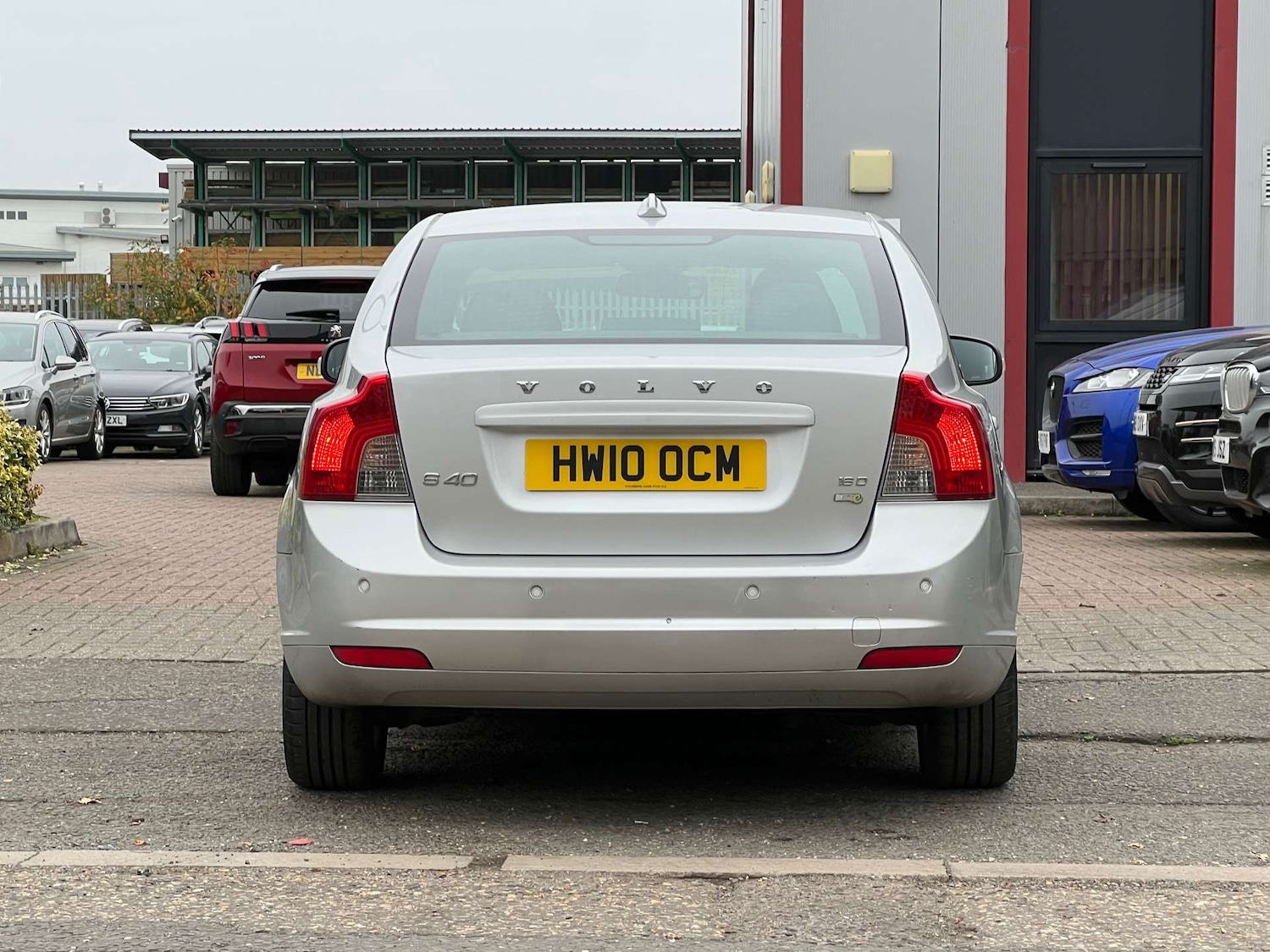 Used Volvo S40 2010 for sale - 76263532: Photo 18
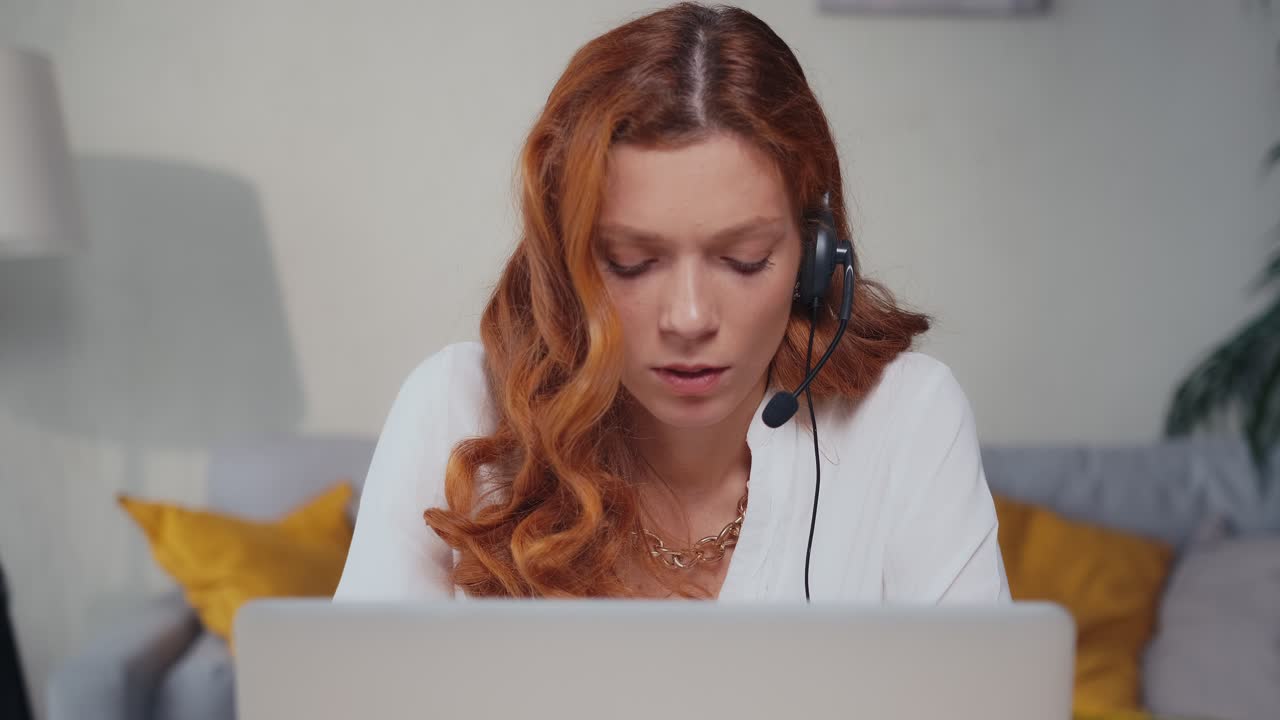 Kvinde på et videoopkald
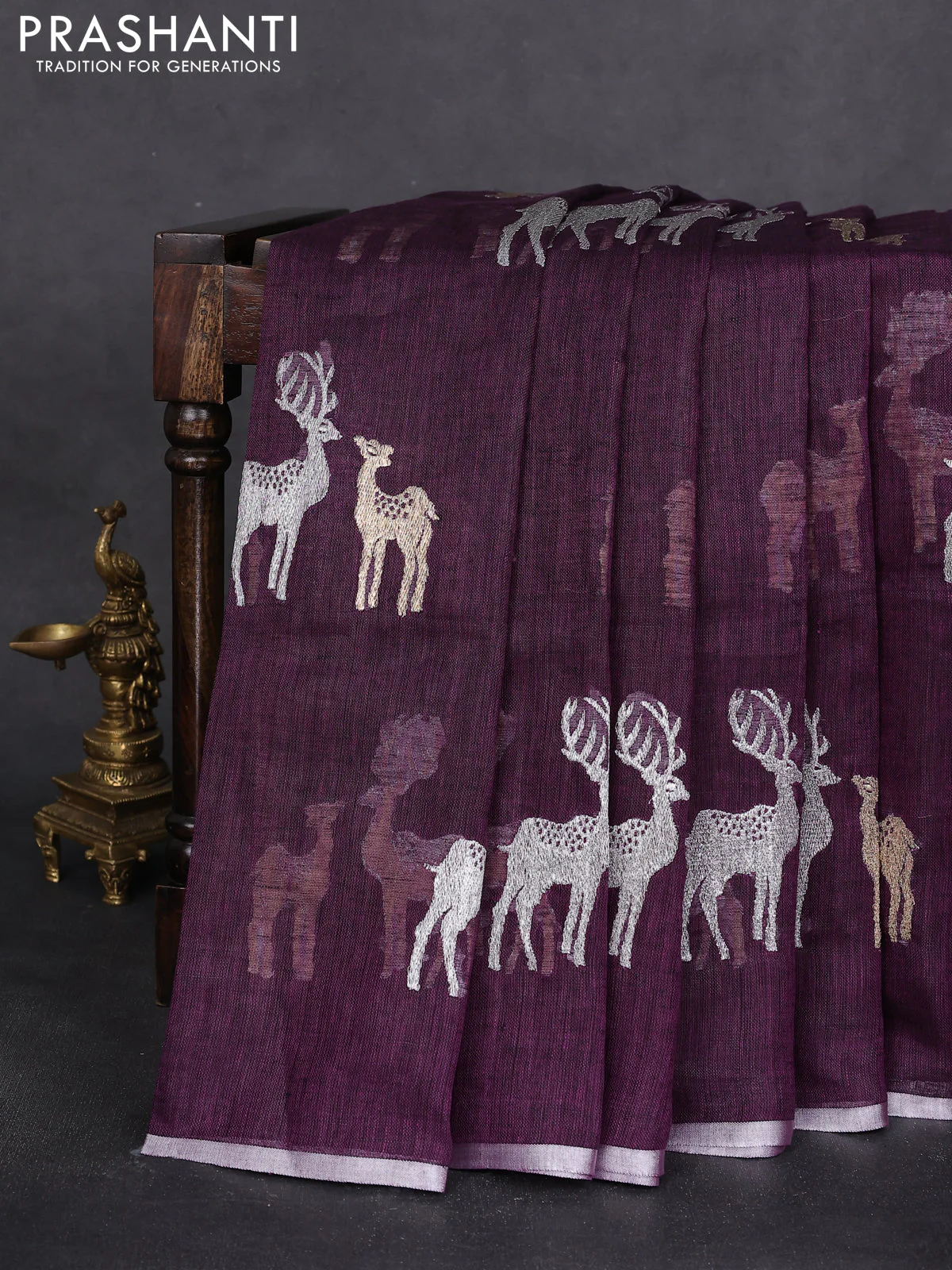 Pure linen saree purple with gold & silver zari woven buttas and silver zari woven piping border - Image 2
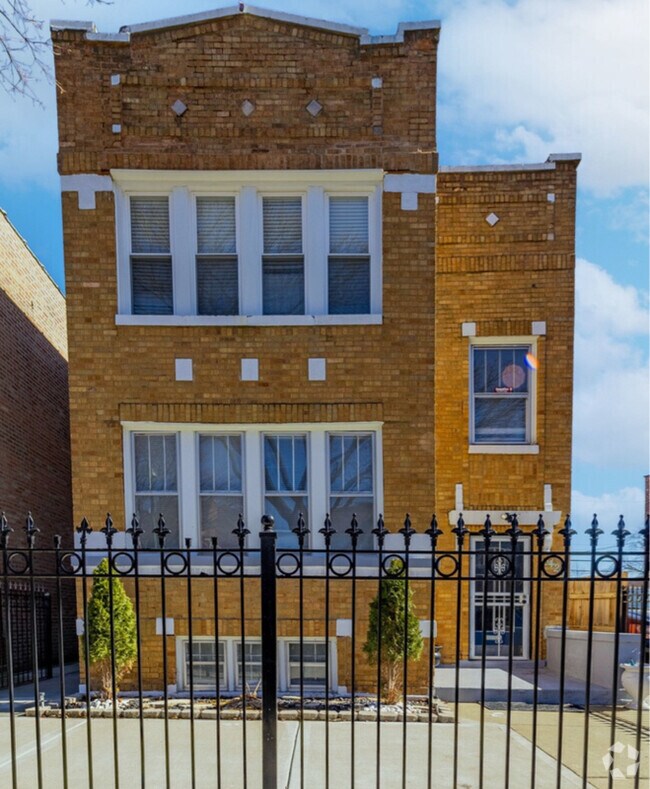 Building Photo - 6429 S Richmond St Rental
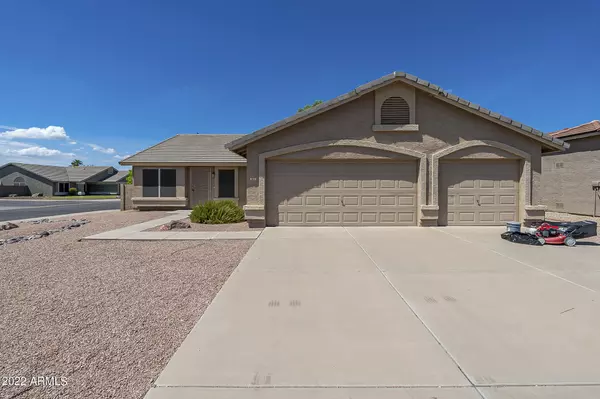 1102 E LIBERTY Lane, Gilbert, AZ 85296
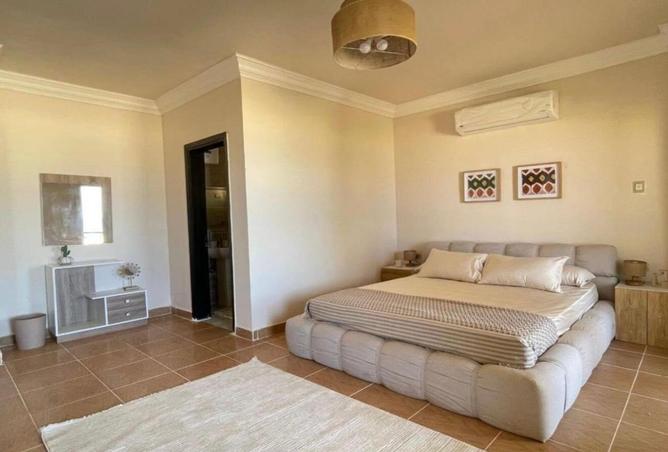8023933 - Property Image 2
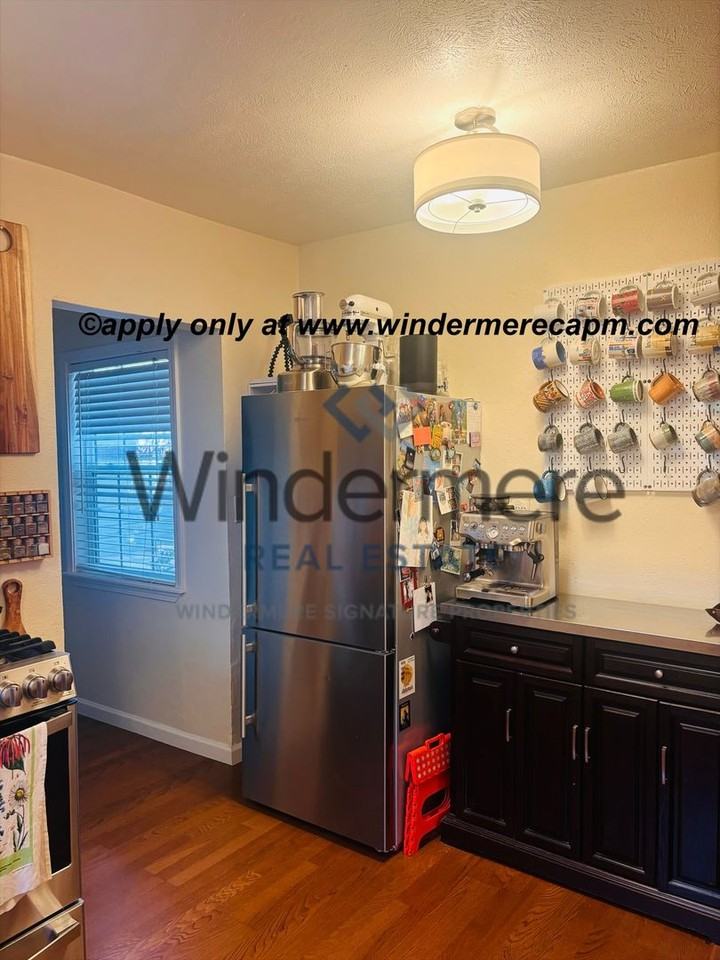 2789 Freeport Blvd - Photo 7 of 12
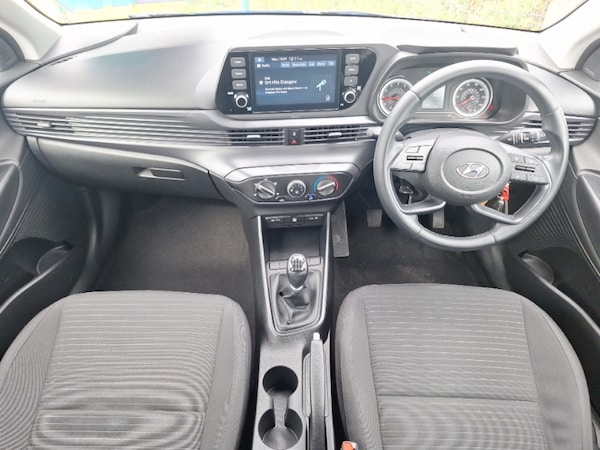 Used Hyundai i20 2021 for sale - 76289302: Photo 2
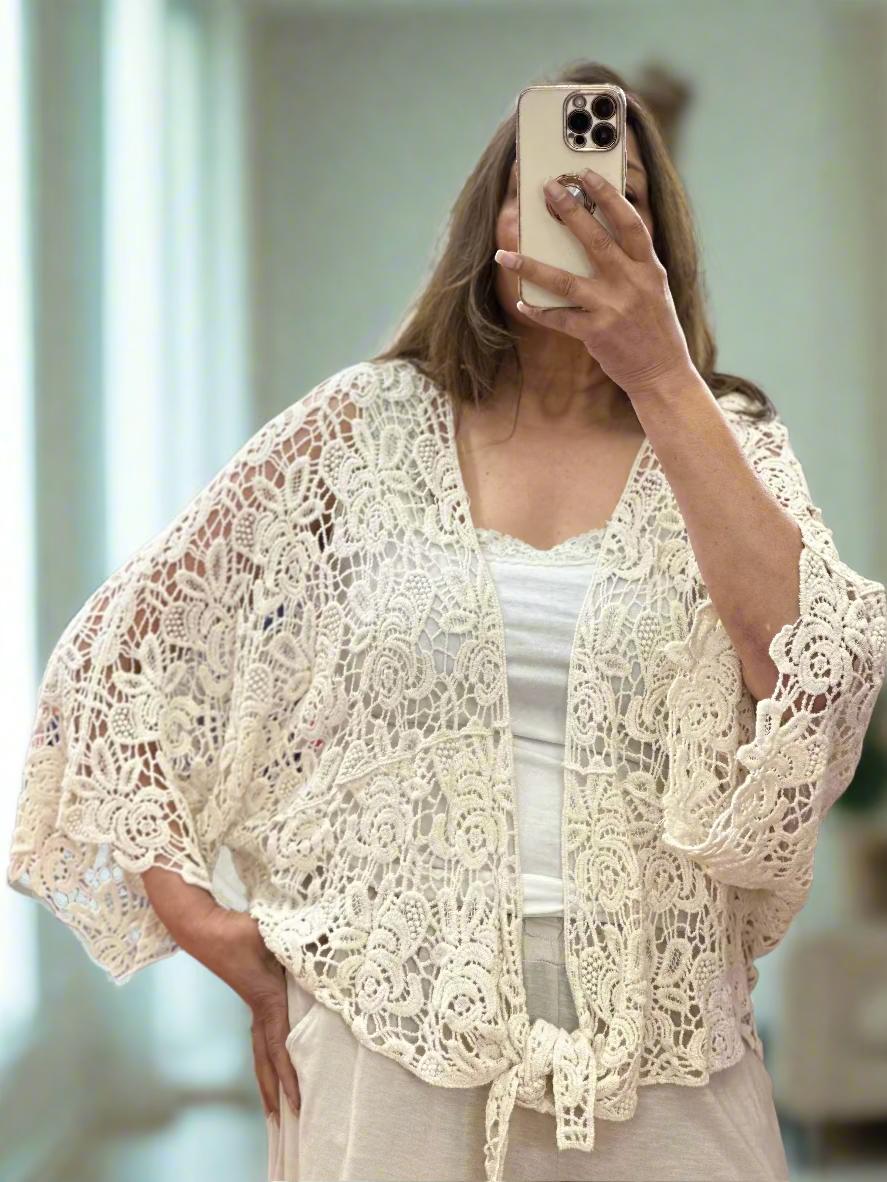 ROMA- CORA CROCHET SHRUG -CURVE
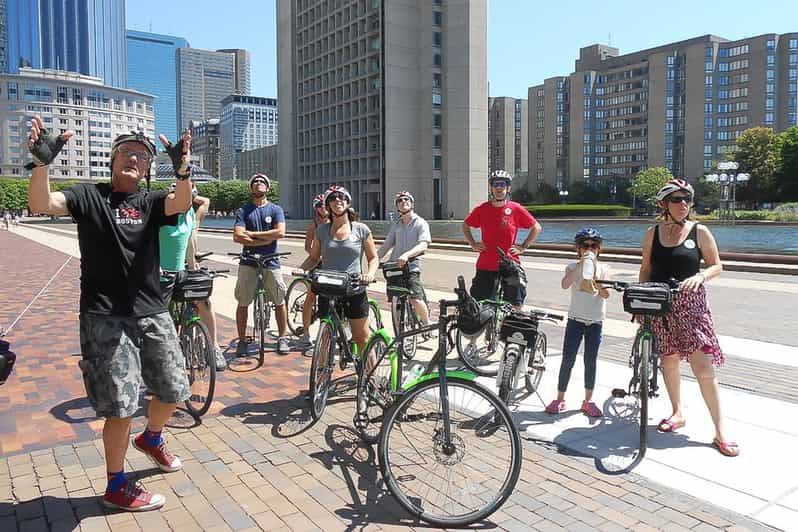 Boston: 2.5-Hour City View Bike Tour - Guide Style and Safety Rhythm: How the Tour Stays Calm in Busy Areas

▶ [Task goal] What you return should be only the lines from the line with "Building Photo - 6429 S Richmond St Rental" through the last line of the listing above, exactly, both ends included, pictures excluded.

▶ [Response area]
 Building Photo - 6429 S Richmond St Rental
 1102 E LIBERTY Lane, Gilbert, AZ 85296
8023933 - Property Image 2
 2789 Freeport Blvd - Photo 7 of 12
 Used Hyundai i20 2021 for sale - 76289302: Photo 2
 ROMA- CORA CROCHET SHRUG -CURVE
 Boston: 2.5-Hour City View Bike Tour - Guide Style and Safety Rhythm: How the Tour Stays Calm in Busy Areas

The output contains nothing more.